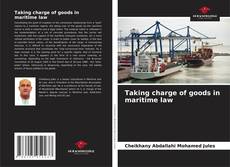 Capa do livro de Taking charge of goods in maritime law 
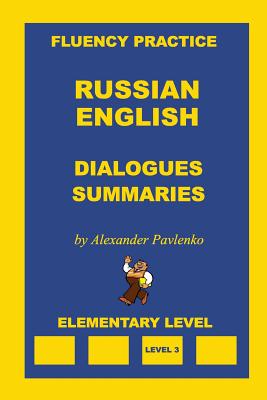 Russian-English, Dialogues and Summaries, Elementary Level - Alexander Pavlenko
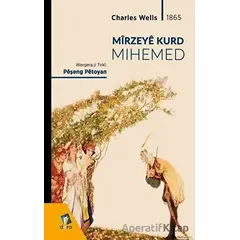 Mirzeye Kurd Mihemed - Charles Wells - Dara Yayınları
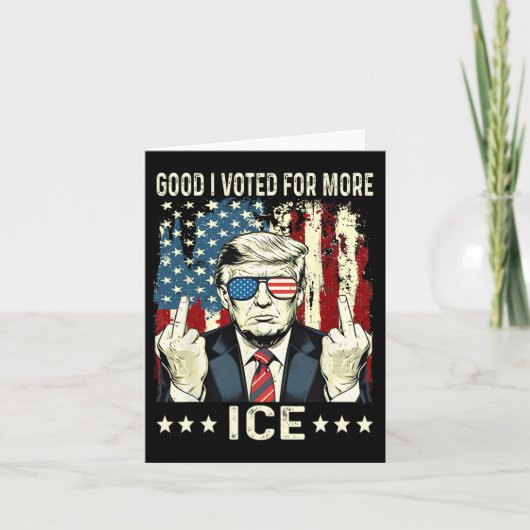 Funny Good I Voted For More Ice Patriotic 1  カード (正面)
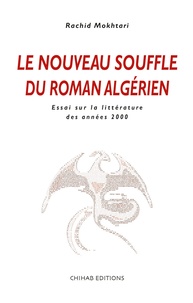Rachid Mokhtari - Le nouveau souffle du roman algérien - Essai sur la littérature des années 2000.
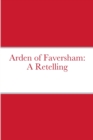 Image for Arden of Faversham : A Retelling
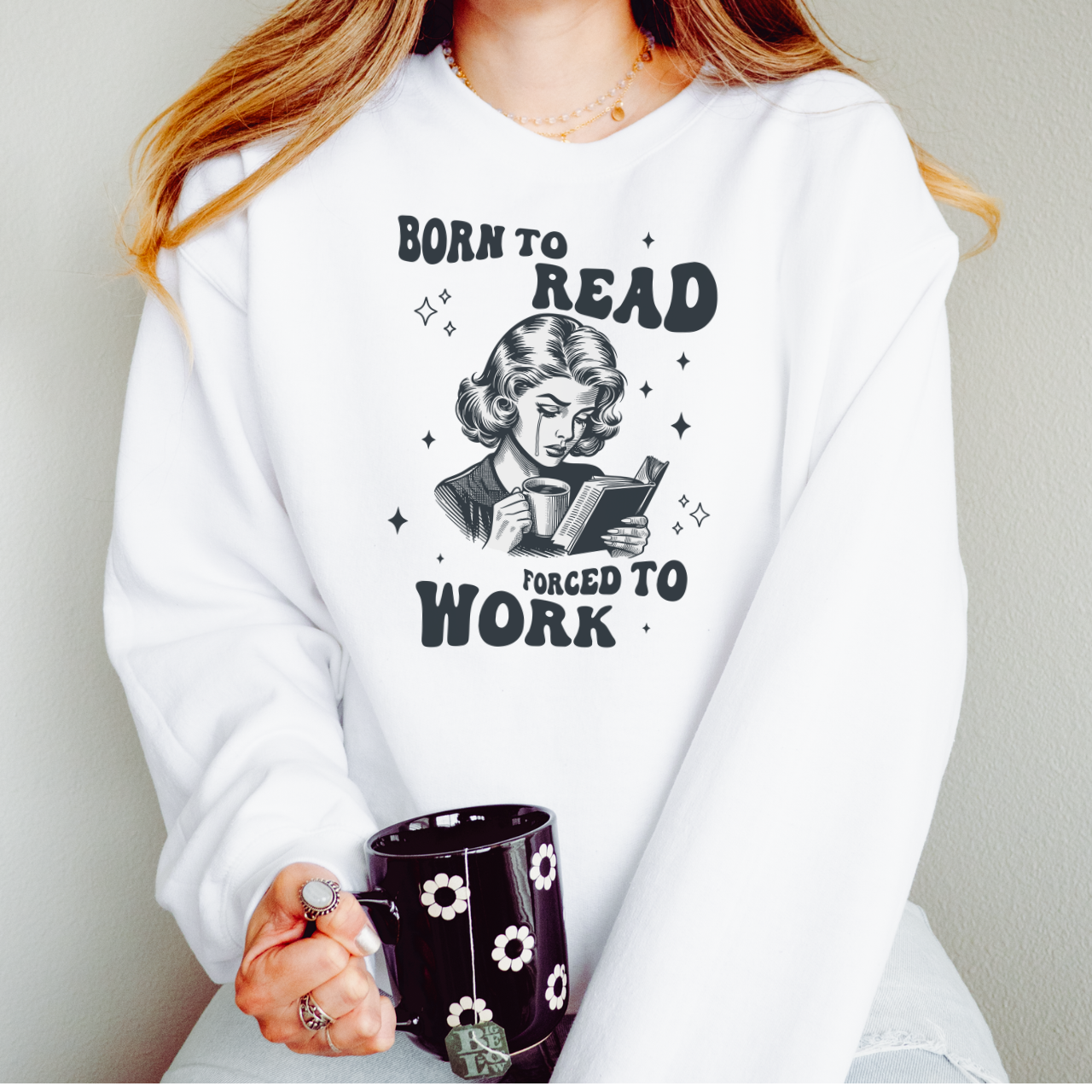 Born to Read Bookish Sweatshirt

════════════════

## [Exercise]
Pictures stay out; everything else in the listing above is to be repeated exactly.

## [Finished task]
 Capa do livro de Taking charge of goods in maritime law 
 Russian-English, Dialogues and Summaries, Elementary Level - Alexander Pavlenko
 Mirzeye Kurd Mihemed - Charles Wells - Dara Yayınları
 Funny Good I Voted For More Ice Patriotic 1  カード (正面)
Rachid Mokhtari - Le nouveau souffle du roman algérien - Essai sur la littérature des années 2000.
 Image for Arden of Faversham : A Retelling
 Born to Read Bookish Sweatshirt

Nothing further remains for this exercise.